D’une manière plus générale cette « dimension communautaire de l’être » décentre la personne d’elle-même et l’ouvre sur autrui et sur la société. La perception de la dimension collective s’éveille et se déploie. La part de responsabilité de l’individu pour le bien commun s’incarne alors par des engagements concrets, souvent au travers de l’« agir essentiel ». Ainsi on peut affirmer que l’être n’est pas égocentré, mais contient au contraire un puissant potentiel d’altruisme.

L’être est le lieu d’ouverture à une Transcendance
Outre les deux dimensions — personnelle et communautaire — précitées, l’être comporte une capacité d’ouverture à une « Transcendance ». Toute personne peut faire l’expérience dans son intimité de la présence de réalités à la fois de même nature que son être, et à la fois éprouvées comme autres, infinies, absolues, permanentes, non réductibles à ce que la personne est, à ce qu’elle en vit, ni à la conscience qu’elle en a. Ainsi en est-il de la Vérité, de l’Amour, de la Vie, de la Liberté, de la Justice, de la Dignité de la personne, de la Sagesse, de la Beauté, etc. Cela suppose que ces réalités soient perçues au tréfonds de soi sous forme de sensations, et non comme des idées abstraites ou des idéaux. Ceux, par exemple, qui se dévouent pour une cause de justice ou qui vivent une relation intérieure à ce qu’ils nomment Dieu, éprouvent ce contact avec une réalité qui les dépasse tout en étant vivante et agissante en eux.

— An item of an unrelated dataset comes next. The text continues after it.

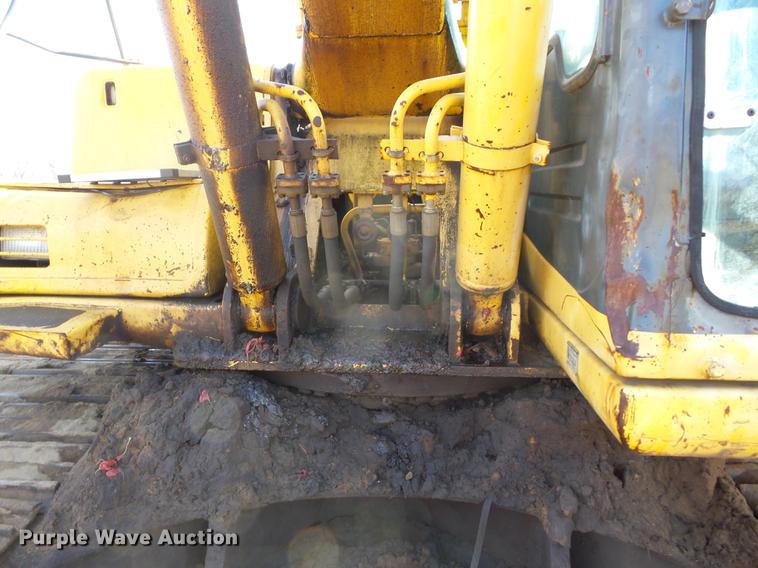 image for item K6282 1997 Komatsu PC200LC-6LE excavator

La relation consciente de la personne à ces réalités qui la transcendent, la transforme, un peu comme si elle était aimantée, aspirée, élargie, entraînée à la fine pointe de son humanisation par l’Absolu ou la Perfection de ces réalités. La relation à une Transcendance contient un potentiel étonnant quand on pense à toutes ces personnes qui consacrent leur vie à cette Transcendance qui les attire et les appelle (cas des moines ou de certaines personnes engagées dans des actions humanitaires, par exemple) ou encore à celles qui préfèrent donner librement leur vie plutôt que de renier ce qui constitue cet Essentiel de leur existence (cas de ceux qui meurent pour que soient respectées la Liberté, la Justice, leur foi en Dieu, ou la Dignité des êtres humains…).
C’est au contact de cette Transcendance reconnue et nommée, que les êtres humains découvrent le sens profond de leur existence et la force pour cheminer vers leur accomplissement. Le développement de la personnalité d’un individu, dans la plénitude qui lui est accessible, ne se réalise pas grâce à la seule harmonisation de ses fonctionnements, ni grâce aux seuls efforts de sa volonté, mais aussi grâce à une ouverture à ce qui le transcende (ce qui est à la portée de tout homme), puis progressivement à une relation à cette Transcendance (ce qui suppose qu’on l’expérimente, qu’on la reconnaisse et qu’on la vive comme la source de la vie et de l’évolution). Cette relation maintient la personne dans un constant mouvement vers le plus-être.
C’est dire pourquoi, dans la psychopédagogie PRH, cette dimension d’ouverture et de relation à une Transcendance au niveau de l’être est reconnue très importante pour la croissance de la personne. L’approche PRH du réel humain se démarque en cela d’autres anthropologies où la notion de Transcendance est appréhendée différemment. Certains la conçoivent comme une abstraction métaphysique, d’autres comme une projection inconsciente d’idéaux, ou une forme de sublimation, ou encore comme une réponse que se donne l’être humain pour échapper à son angoisse existentielle, etc. Même si certaines personnes vivent des conceptions différentes, une analyse rigoureuse du vécu humain permet d’affirmer ce rôle capital de l’ouverture à une Transcendance dans le cheminement de croissance de la personne.